The bottles will retain the image of the Houses of Parliament
Unions campaigned against the closure plan, which will see 120 jobs go, but admitted defeat saying owners Heinz were motivated by "corporate greed".
The US firm said it had looked at all options since the closure plan was announced in May and it was not viable to keep the Aston factory open.
Heinz spokesman Nigel Dickie admitted it was "a sad day for Birmingham".
He added the sauce would still have the Houses of Parliament on its label "because of its historical association" even though it would now be made in Holland.
Heinz vice-president David Hobin said the plant would close by March next year.

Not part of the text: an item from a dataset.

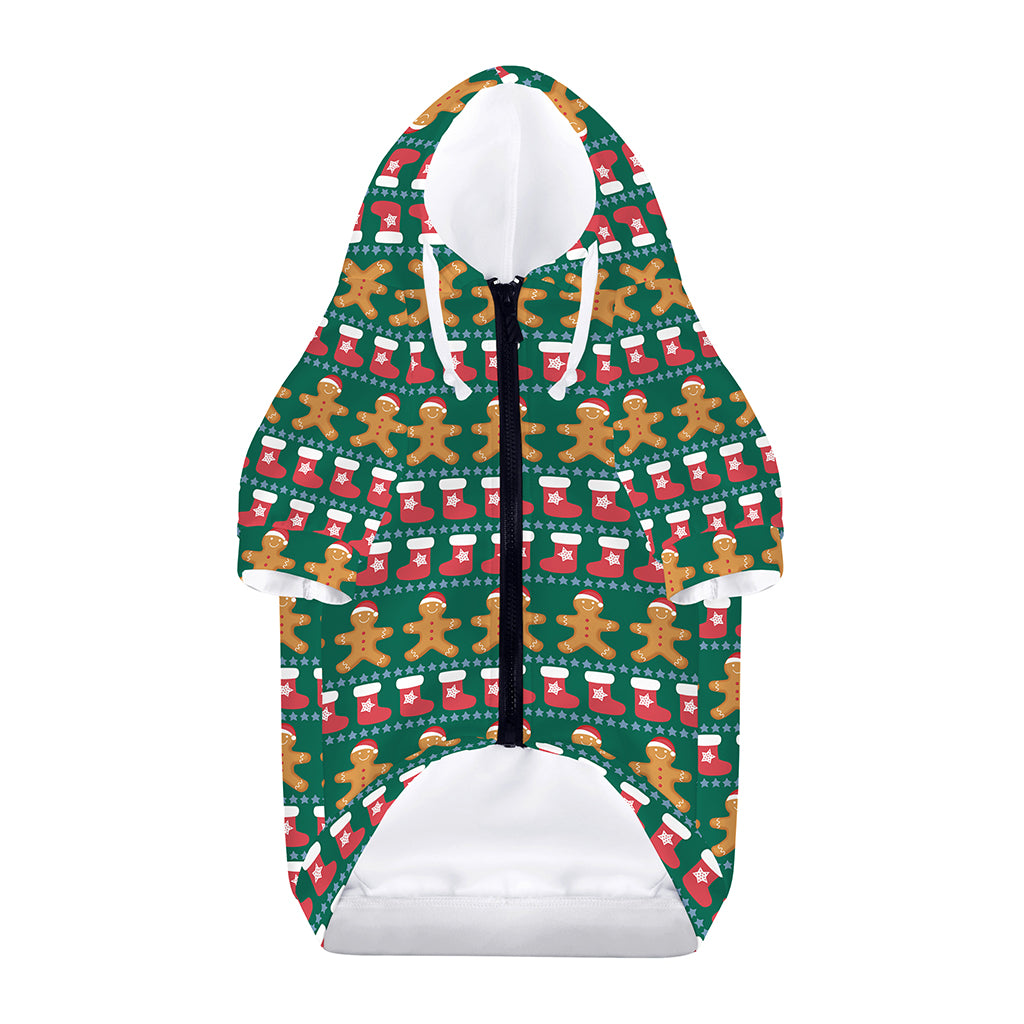 Christmas Gingerbread Man Pattern Print Dog Zip Up Hoodie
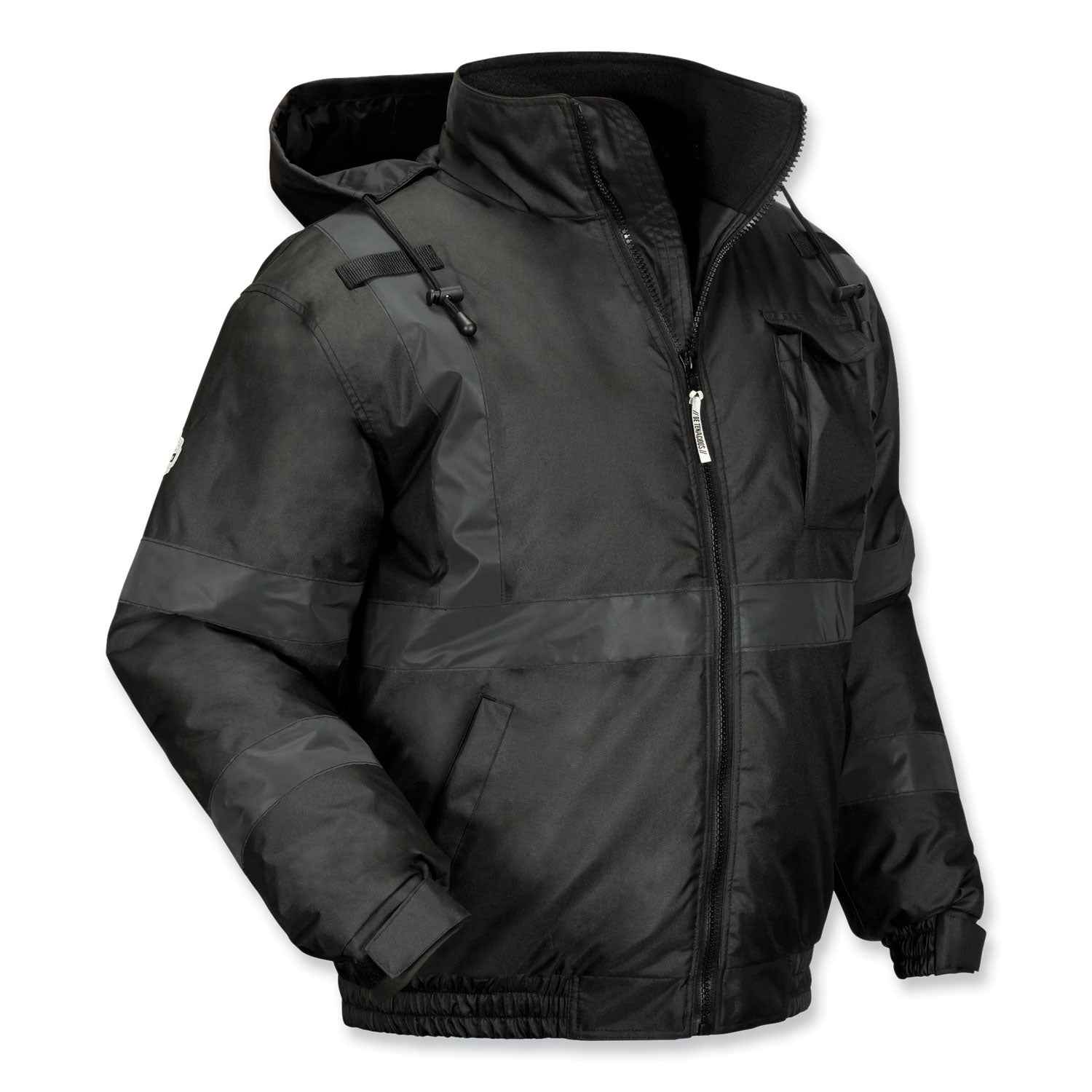 ergodyne® GloWear 8377EV Non-Certified Hi-Vis Quilted Bomber Jacket, Black, 2X-Large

"We deeply regret having come to this difficult but necessary decision which has only been made after careful consideration of all alternatives," he said.
"It is disappointing that we have not been able to find an alternative option that would close the financial gap.
"This difficult business decision is no reflection on our employees, who have continued to demonstrate their dedication and hard work throughout these challenging times."
But members of the Transport and General Workers' Union (T&G) said they were disappointed by the decision.
Acting national secretary John Jordan said: "There's no need for the factory to close.
"It's a case pure and simple of corporate greed. Birmingham is a highly profitable site and this move is to bail out the factory in Holland."
T&G spokesman Zeffar Qurreshi, who has worked at the plant for 29 years, said he was "absolutely gutted".
"I know other workers will feel the same," he said.
He said the union would continue to call for a boycott of HP products made outside the company.
The company has also announced the bottling of Lea and Perrins Worcestershire Sauce would move to its plant in Worcestershire.